Collected data entries:
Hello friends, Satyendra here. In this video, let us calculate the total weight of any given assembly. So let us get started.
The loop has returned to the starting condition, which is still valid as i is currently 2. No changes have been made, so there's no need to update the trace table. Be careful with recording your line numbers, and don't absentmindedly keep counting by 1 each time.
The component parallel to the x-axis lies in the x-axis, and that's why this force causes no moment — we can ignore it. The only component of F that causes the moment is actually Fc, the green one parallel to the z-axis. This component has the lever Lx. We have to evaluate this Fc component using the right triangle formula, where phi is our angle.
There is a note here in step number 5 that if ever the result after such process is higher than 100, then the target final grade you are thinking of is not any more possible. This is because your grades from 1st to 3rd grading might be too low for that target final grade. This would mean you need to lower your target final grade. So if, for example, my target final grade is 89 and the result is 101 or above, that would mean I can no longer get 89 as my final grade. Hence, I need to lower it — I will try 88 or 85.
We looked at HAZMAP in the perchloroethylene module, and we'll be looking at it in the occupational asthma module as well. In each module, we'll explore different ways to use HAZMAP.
---
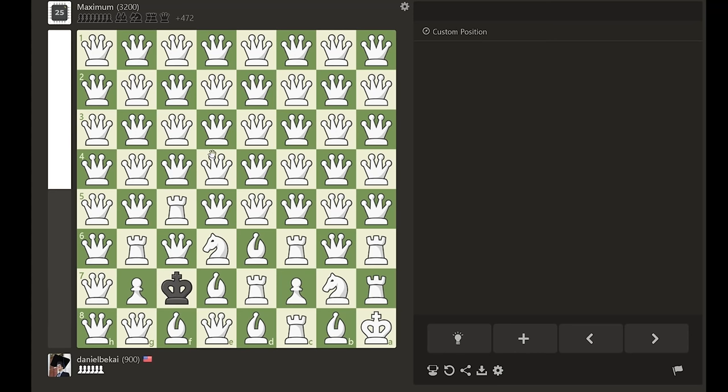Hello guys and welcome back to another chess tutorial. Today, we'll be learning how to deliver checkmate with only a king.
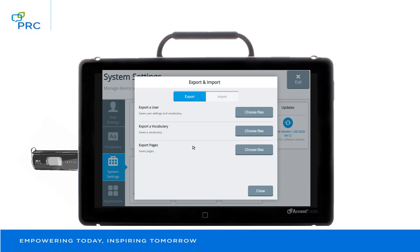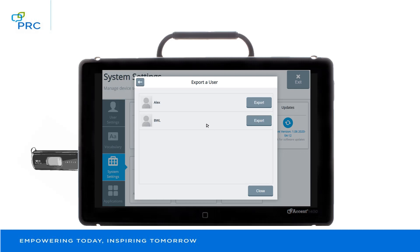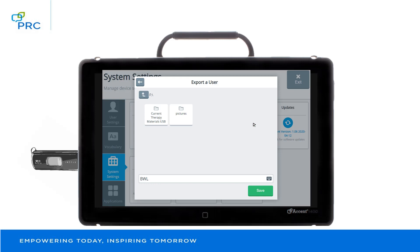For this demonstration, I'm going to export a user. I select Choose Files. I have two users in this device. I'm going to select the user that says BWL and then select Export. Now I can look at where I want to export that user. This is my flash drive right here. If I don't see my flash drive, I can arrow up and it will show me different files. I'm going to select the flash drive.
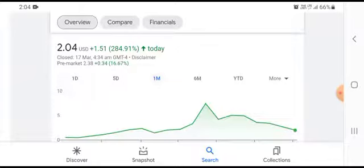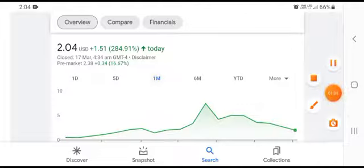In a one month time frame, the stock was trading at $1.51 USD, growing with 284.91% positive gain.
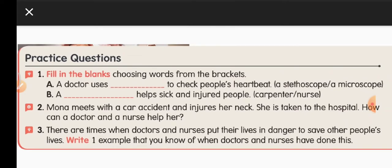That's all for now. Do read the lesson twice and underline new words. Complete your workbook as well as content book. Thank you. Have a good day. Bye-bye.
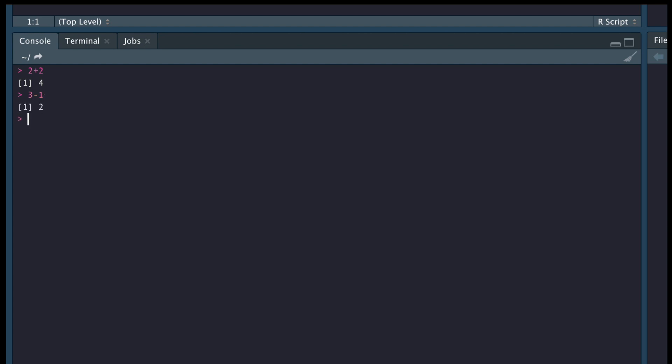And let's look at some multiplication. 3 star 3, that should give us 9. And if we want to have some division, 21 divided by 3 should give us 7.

# Work to be completed
Scan the lines above for the word "each" and copy every one where it occurs.

# Exercise response
The loop has returned to the starting condition, which is still valid as i is currently 2. No changes have been made, so there's no need to update the trace table. Be careful with recording your line numbers, and don't absentmindedly keep counting by 1 each time.
We looked at HAZMAP in the perchloroethylene module, and we'll be looking at it in the occupational asthma module as well. In each module, we'll explore different ways to use HAZMAP.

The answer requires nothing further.